Additionally, to compare the solutions (to know whether they are good or bad) they have to be somehow measured - this leads to a concept of a fitness function.

Fitness function

A fitness function (f) is generally a function taking a possible combination as an argument and returning a numeric value.

For example a fitness function for a very bad combination (lot's of mismatches) will have a very low score.

In our case the function can return values in the range from 0 (worst) to 1 (best):

0 \leq f(combination) \leq 1

In this case, a fitness function will check two things:

  • do the matched candidates have skills matching our needs?
  • how often is the analyzing person being recommended to others?

The last conditions deal with a problem of rare competencies. There is a possible scenario with a person with rare skills, and lot's of others who are needing it.

Finally, each condition has a weight assigned to it. A fact of fulfilling needs will be more important than the popularity.

 f = 0.7 \cdot needsFulfiled + 0.3 \cdot popularity

Having a way of evaluating the solution we can proceed with the algorithm.


To approach this problem a variation of an evolutionary algorithm (EA) will be used. EA are sort of meta-heuristics based on Darwinian principles of evolution.

Intuitively their workflow looks like follows:

Description of process:

  1. Randomly assign 3 people to each participant
  2. Randomly pick-up two participant
  3. Make the connection if the second one is interesting for the first one (cross-over)
  4. Randomly pick-up two participant and connect them (mutation, happens very rarely)
  5. Go to step 2

Each course from 2-5 is called an epoch or generation. An epoch is represented by the possible solution (list of all participants with their matchings) that can be also represented using a fitness function (average of all individuals).

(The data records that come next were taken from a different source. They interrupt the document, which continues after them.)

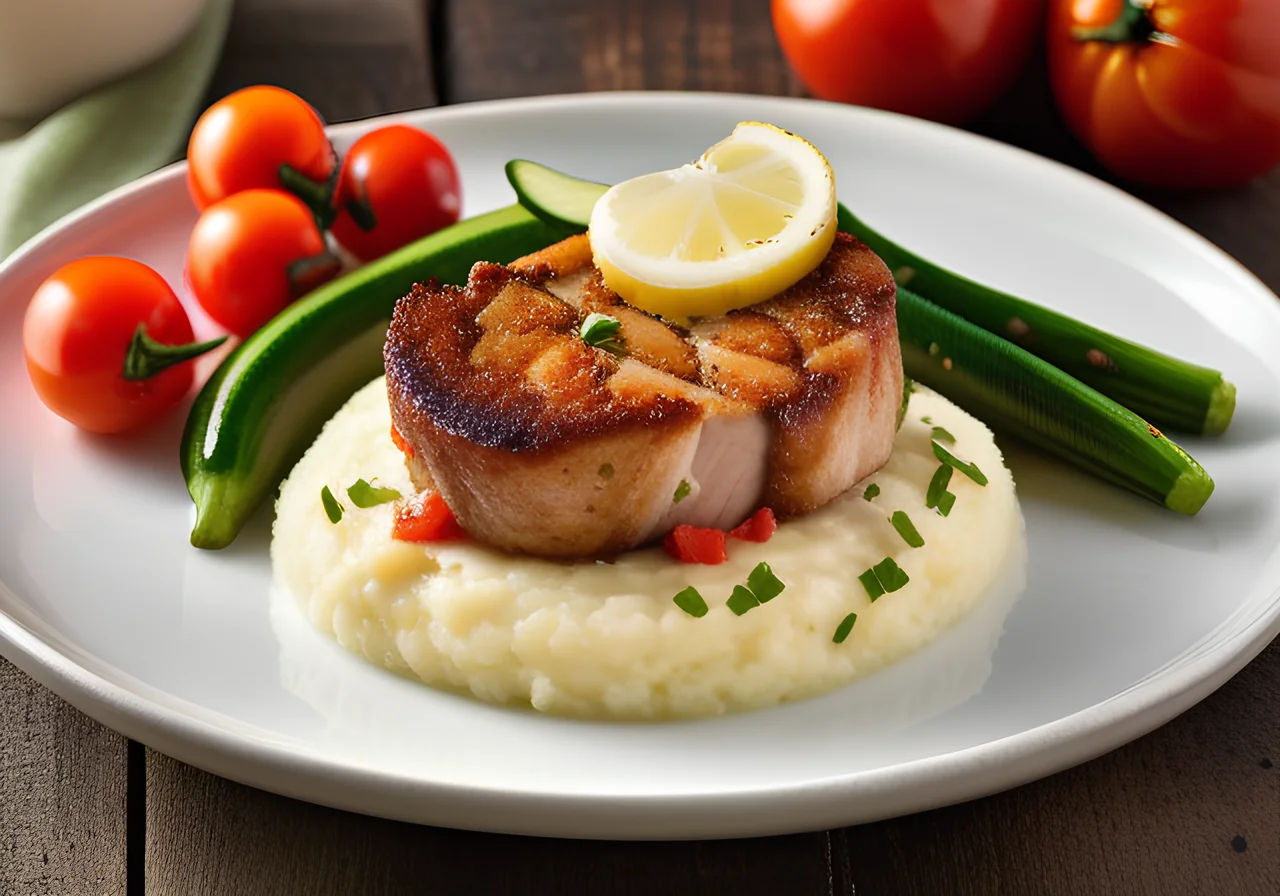 Pork Cutlet with Mashed Potatoes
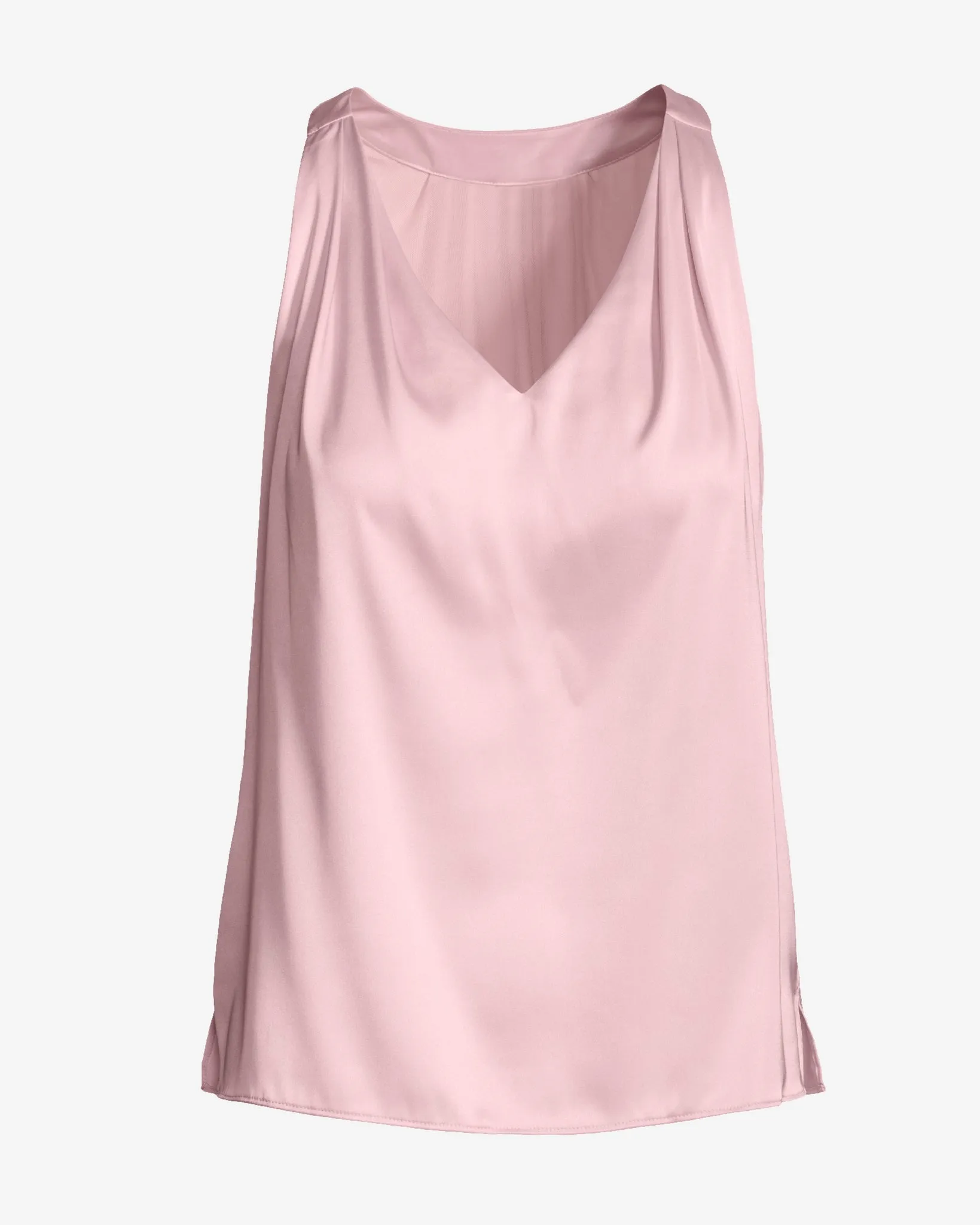 Nikki V-Neck Charmeuse Blouse Pink Quartz sold by Boston Proper product image thumbnail 2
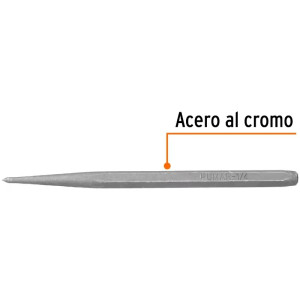 Centro Punto 1/4" L4-3/4 Punzones para Marcar, Truper 12224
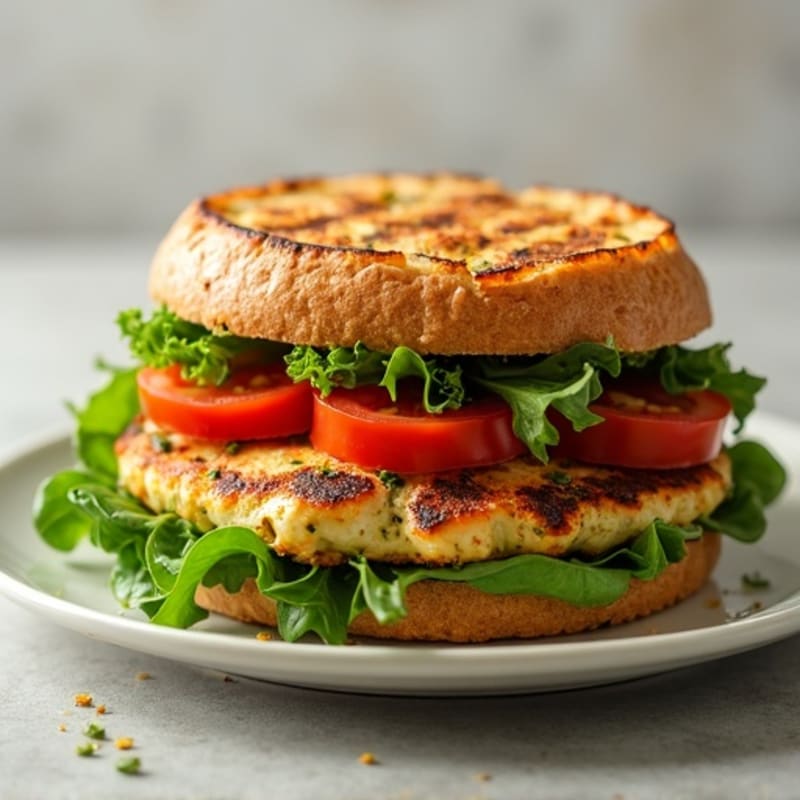 Herb-Pesto Grilled Chicken Sandwich with Fresh Greens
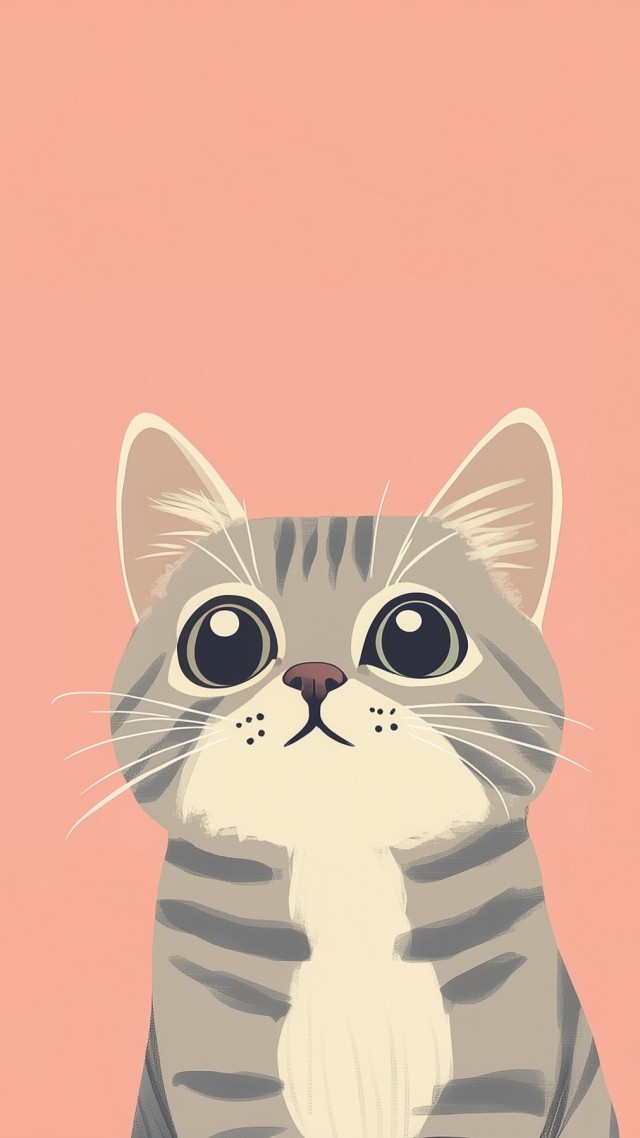 kitten wallpaper, cute, charming, background for mobile wallpaper (vertical)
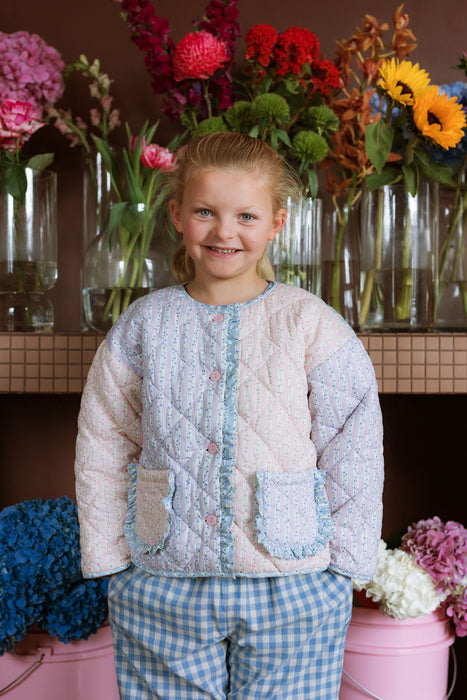 ELMA - QUINCY JACKET JAPANESE FLORAL STRIPE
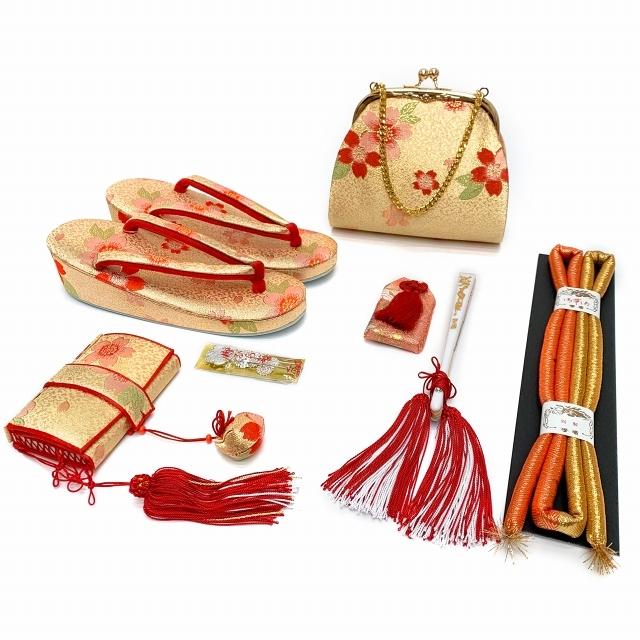 京都室町st. 七五三 結び帯 箱せこセット 7歳 女の子 作り帯 筥迫(はこ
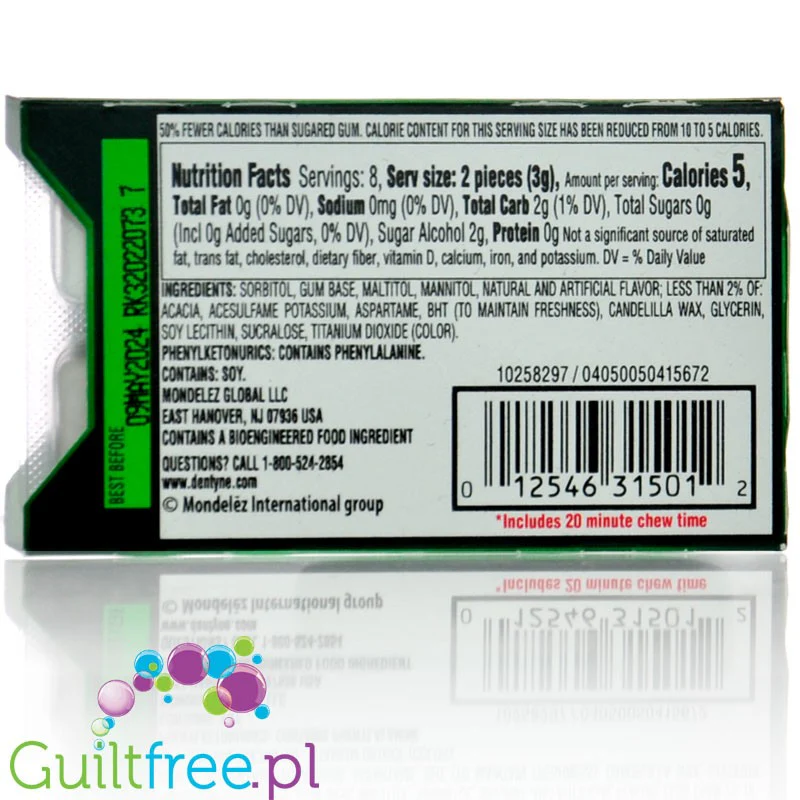Dentyne Ice Spearmint - guma do żucia bez cukru, Mięta - Image 2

In step 3, we are randomly selecting two people (cross-over) and trying to match the second one to the first one. A possible individual is being put either as the first, second or third match. In all cases, the overall fitness function is calculated. If a better solution than the current one if found - the matching is performed.

Step 4 represent a mutation - a very rare possibility of accepting a worse solution. The main idea is to introduce some diversity into the solution.

Each generation is evolved with a cross-over followed by a mutation:

The whole source code (written in Groovy) is available here.


The testing was performed in 3 cases:

  • 20 people,
  • 50 people,
  • 100 people

In each one, the initial population (skills, needs, and matches) was randomly generated. In real case scenario, you will have to load this data from other sources (like Excel, DB, or CSV file). Also, there was an upper limit of 5000 generations (all took about 5 seconds to complete).

After looking at the plot you can see some interesting facts:

  1. All cases are starting random solution, which is generally bad (the worst one is for 50 participants ( f \approx 0.52),
  2. All cases are getting very close the perfect matching after 3000 generations,
  3. There was one case of mutation (red line drop, near 5000-th generation),
  4. Learning is slower when the greater number of participants


This experiment concludes that evolutionary algorithm provides a very efficient way of solving match-making problems. They are easy to implement and very extendible to custom restrictions and limitations.

The usage of EA can also provide an extra value for generating online recommendations during the event. It's common that some of the participants are absent which is disturbing others expectations.